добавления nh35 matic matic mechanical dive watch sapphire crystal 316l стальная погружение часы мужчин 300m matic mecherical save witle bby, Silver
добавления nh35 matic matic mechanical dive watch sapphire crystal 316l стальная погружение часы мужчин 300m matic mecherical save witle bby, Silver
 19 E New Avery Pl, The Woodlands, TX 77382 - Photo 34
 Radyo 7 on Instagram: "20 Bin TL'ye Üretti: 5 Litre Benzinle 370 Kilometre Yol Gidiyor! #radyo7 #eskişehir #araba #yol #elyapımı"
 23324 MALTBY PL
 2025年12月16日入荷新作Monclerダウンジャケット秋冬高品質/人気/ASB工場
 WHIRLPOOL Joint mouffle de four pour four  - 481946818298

**Directions:** Output the material in full, matching it word for word.

**Solution below:**
добавления nh35 matic matic mechanical dive watch sapphire crystal 316l стальная погружение часы мужчин 300m matic mecherical save witle bby, Silver
добавления nh35 matic matic mechanical dive watch sapphire crystal 316l стальная погружение часы мужчин 300m matic mecherical save witle bby, Silver
 19 E New Avery Pl, The Woodlands, TX 77382 - Photo 34
 Radyo 7 on Instagram: "20 Bin TL'ye Üretti: 5 Litre Benzinle 370 Kilometre Yol Gidiyor! #radyo7 #eskişehir #araba #yol #elyapımı"
 23324 MALTBY PL
 2025年12月16日入荷新作Monclerダウンジャケット秋冬高品質/人気/ASB工場
 WHIRLPOOL Joint mouffle de four pour four  - 481946818298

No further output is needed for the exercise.